Consequences vary for violating local hiring laws or failing to meet required thresholds. Some jurisdictions do not automatically issue a sanction, instead looking at the compliance efforts made before rendering a judgment. Other jurisdictions have more strictly imposed fines.
Local Hiring Programs – Examples
Below are examples and broad overviews of some local hiring programs in various jurisdictions:
- Boston: The Boston Residents Construction Employment Standards, re-established in 1985 by Mayoral Executive Order, requires contractors and developers to use best faith efforts so that at least 50% of the total employee worker hours in each trade are completed by bona-fide Boston residents. Sanctions for non-compliance include, but are not limited to, suspension of payments, recovery by the city of 1% of the contract award, termination of the contract, and three-year debarment.
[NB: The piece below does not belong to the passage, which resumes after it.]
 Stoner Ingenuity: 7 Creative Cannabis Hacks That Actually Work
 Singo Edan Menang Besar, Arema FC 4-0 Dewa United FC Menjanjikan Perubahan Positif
- St. Louis: St. Louis City Ordinance 68412, approved May 21, 2009, establishes a local resident project labor hour goal of 20% for public works contracts with an estimated value of $1 million or more. The City of St. Louis Workforce Study, issued in June 2015, found that from 2010-2011 only 15.54% of workers on qualified projects were local residents. From 2012-2013, the percentage dropped to 12.72%. The Workforce Study ultimately proposed a local workforce goal of at least 23% percent of all contract labor hours in order to reflect the availability of workers who reside in the City.
- San Francisco: The San Francisco Local Hiring Policy for Construction, effective March 25, 2011, applies to public works or improvement projects with an estimated cost of $600,000 or more. The policy requires a mandatory San Francisco resident participation level of 25% for all project work hours within each trade for projects beginning March 25, 2012, with the percentage increasing each year to a total of 50% by March 25, 2019. The requirement is currently 30%. Contractors may be provided with financial and non-financial incentives or entitlements for achieving levels of local hires above the threshold amount. If a contractor fails to meet these requirements, the contractor is required to pay the city an amount equal to the journeyman or apprentice prevailing wage rate multiplied by the number of hours the contractor fell short.
- New Orleans: Unanimously passed by New Orleans City Council in October 2015, the ordinance dubbed “Hire NOLA” requires contractors on city projects over $150,000 to make a good faith effort to ensure that 30% of the Louisiana work-hours go to Orleans Parish residents, 10% of which must qualify as “disadvantaged.” Subject to periodic review, the percentages will increase by 5% each year toward a goal of 50% by 2020. The law forbids the city to sign contracts with firms that refuse to commit to the goals. The law provides first for a collaborative process to help noncomplying contractors get in compliance with the program. If this process fails and noncompliance continues, then the law provides that the failure constitutes breach of the applicable contract.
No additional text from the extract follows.